There are two blocks that have equal mass m, they are connected by a spring (with a coefficient of elasticity k) that has length l0.

Instantly on the left block a force F begins to act. What will be the min. and max. length of this spring during this movement.

There is no friction

## Homework Equations

Newton's second law

F=kx

Eventually kx

^{2}/2

And that's all i figured out

## The Attempt at a Solution

I know that answer is l0-F/k and l0 (confirmed answer), but i don't know how it actually happened. (I actually know where does l0 in the elongation comes from :P)

These are 3 ideas on how to solve it.

(N = Tension)

1st. From the 2nd law (let's call these m1 and m2 to make it easier, for me at least)

m1⋅a=F-N and m2⋅a = N ---> a=N/m2

m1⋅N/m2 = F - N

m1⋅N= F⋅m2-m2⋅N ---> N=F⋅m2/(m1+m2)

Now because N = F·m2/(m1 + m2)

Then shortened spring will be x = N/k = F·m2 / (k·(m1 + m2))

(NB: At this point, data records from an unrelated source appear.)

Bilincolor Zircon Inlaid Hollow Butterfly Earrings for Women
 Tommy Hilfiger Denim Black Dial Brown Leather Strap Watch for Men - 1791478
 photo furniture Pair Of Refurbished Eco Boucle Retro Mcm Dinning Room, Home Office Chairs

Therefore length L = l0 - x =

**l0 - F·m2 / (k·(m1 + m2))**so it's actually l0 - Fm / k⋅2m therefore it's l0 - F/km

2nd (It's actually not mine idea)

F= kx

^{2}/2

F1=ma

kx=m2a2

N=m2a2

m1a1-N = F, a=N/m

F=2N

x = N/k = 2F/k

l=l0 - x = L0 - 2F/k

3rd

I thought something about centre of mass, but it's not a very highly developed idea, i don't even know how to describe it.

Forgive me for any language mistakes